Costa promised to attempt to prosecute any cases rejected by the DA’s office in municipal court so residents feel the Police Department is “doing all it can to keep the City of DeSoto safe and secure.”

Speaking after a Friday morning news conference by Creuzot, Dallas Police Association President Michael Mata acknowledged that Creuzot’s changes would have positive effects, from decreasing the jail population to easing the workload for police officers.

But Mata and Sheldon Smith, his counterpart with the National Black Police Association, also voiced disappointment that Creuzot had not sought input from local police chiefs and other “stakeholders,” like small businesses, before rolling out his plan.

Creuzot, however, said he had met with local police and city officials, and he had yet to hear a viable solution.

“I’ve met with the police chiefs,” the district attorney said, “and I’ve met with the City of Dallas and I’ve asked them to come up with a solution. Today, I’ve got no response. So we’re going to act.”

Mata and Smith said they expected multiple problems to arise from the changes, but nothing concerned them more than the decriminalization of theft of necessities worth up to $750.

“This will run people out of business,” Mata said. “Hundreds of dollars [in stolen goods] is not low-level theft.”

Smith said small businesses won’t be able to survive in South Dallas and Oak Cliff if they must absorb the losses from theft.

“We know Walmart is leaving South Dallas,” Smith said. “If Walmart is leaving, how much theft do you think is happening? The little store has absolutely no chance of staying in business.”

Mata admitted that the Dallas Police Department, shorthanded as it is, can’t respond quickly to low-priority crimes like shoplifting. As a result, he said, shopkeepers may feel compelled to do what the police and district attorney won’t.

“Either that shop owner is going to have to take matters into his own hands,” he said. “Or he’s going to have to let $600 worth of merchandise walk out of his store. ... It’s sending the wrong message.”

Mata argued that most people suffer from lower-level crimes, not violent crime, and the police must serve those residents, as well.

Furthermore, Smith said, dismissing trespassing charges would leave no place for police to take homeless offenders because shelters are often full. Costa echoed that sentiment, adding that often the homeless and mentally ill commit other offenses that Creuzot has also recommended not be prosecuted.

Creuzot acknowledged the issue of mentally ill offenders in his news conference, saying the county would build a dedicated facility to house those homeless individuals.

“There’s nothing good that’s going to come out of putting a mentally ill person in Dallas County Jail or any other county jail,” he said.

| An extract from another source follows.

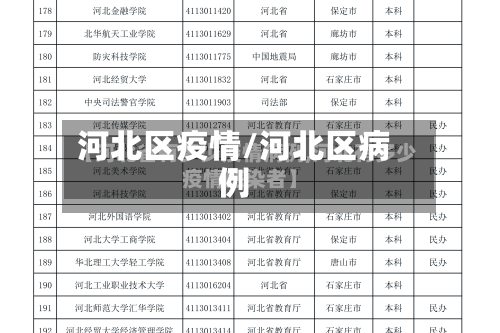 河北区疫情/河北区病例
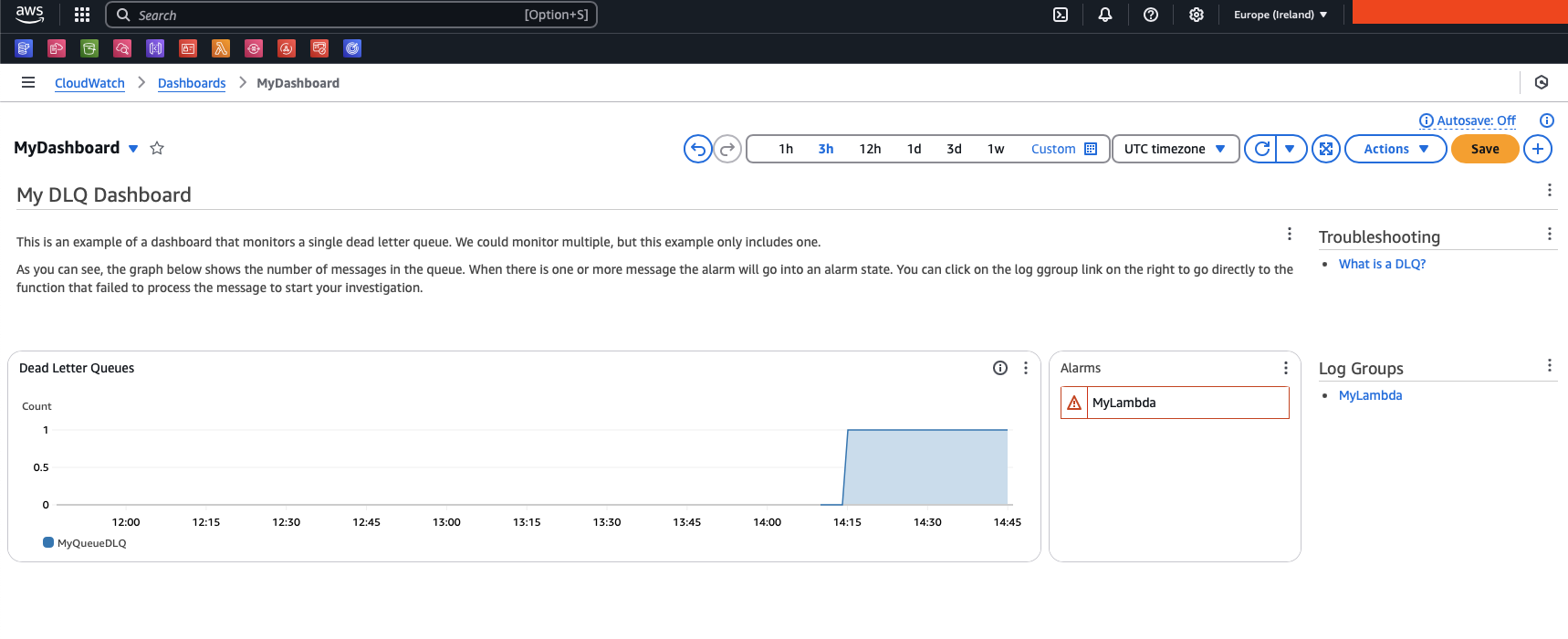 CloudWatch Dashboard example where the alarm is triggered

The district attorney also announced changes to how law enforcement would deal with second- and third-time marijuana offenders. With some exceptions, Creuzot outlined a plan that would refer those people for intervention and treatment instead of jail. He was unclear on the details of the plan.

Also weighing in on the reform plan Friday was the American Civil Liberties Union of Texas, which lauded Creuzot’s sentiment but said the county must ensure that the new policies are constitutional.

“We are pleased that DA Creuzot continues to recognize the need to reform our bail system and the serious harm that comes from detaining people simply because they cannot afford to pay bail,” senior staff attorney Trisha Trigilio said in a written statement. “For reforms to become a reality, all stakeholders must join together, including the district judges who continue to resist voluntarily making changes to improve the system in Dallas County.”

The leaders of the police associations echoed that call for consensus, saying they would ask to sit down with Creuzot to discuss the plan and its shortcomings.

“We have a responsibility to protect the public,” Mata said.